■ **ASSIGNMENT**:
Copy the lines below exactly, starting at the one with "Чехол на iPhone" and ending at the one with "PLATO幣發(fā)行價是多少？", and leave out any picture.

■ **RECORDED INFORMATION**:
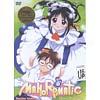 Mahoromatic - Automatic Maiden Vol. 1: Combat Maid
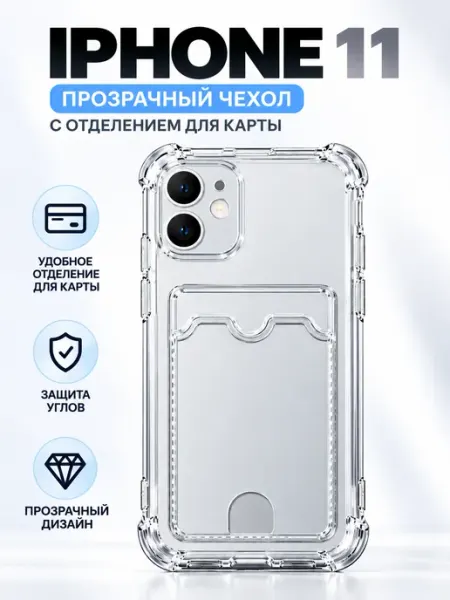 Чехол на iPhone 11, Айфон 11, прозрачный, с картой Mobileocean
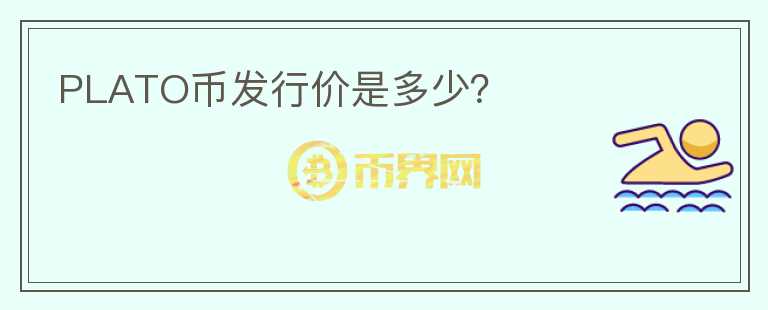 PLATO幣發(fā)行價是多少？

...

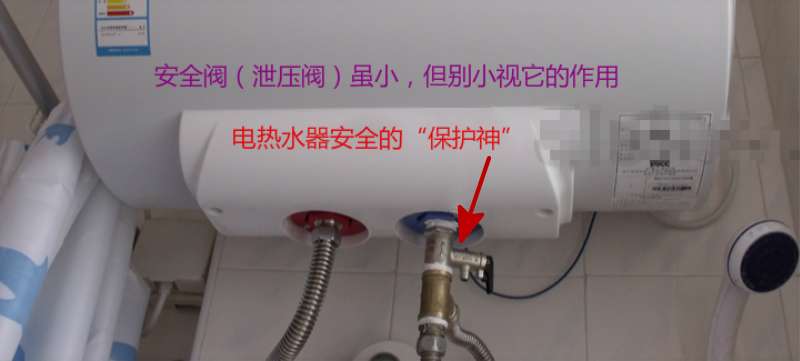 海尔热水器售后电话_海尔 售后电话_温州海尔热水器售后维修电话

■ **FINISHED TASK**:
 Чехол на iPhone 11, Айфон 11, прозрачный, с картой Mobileocean
 PLATO幣發(fā)行價是多少？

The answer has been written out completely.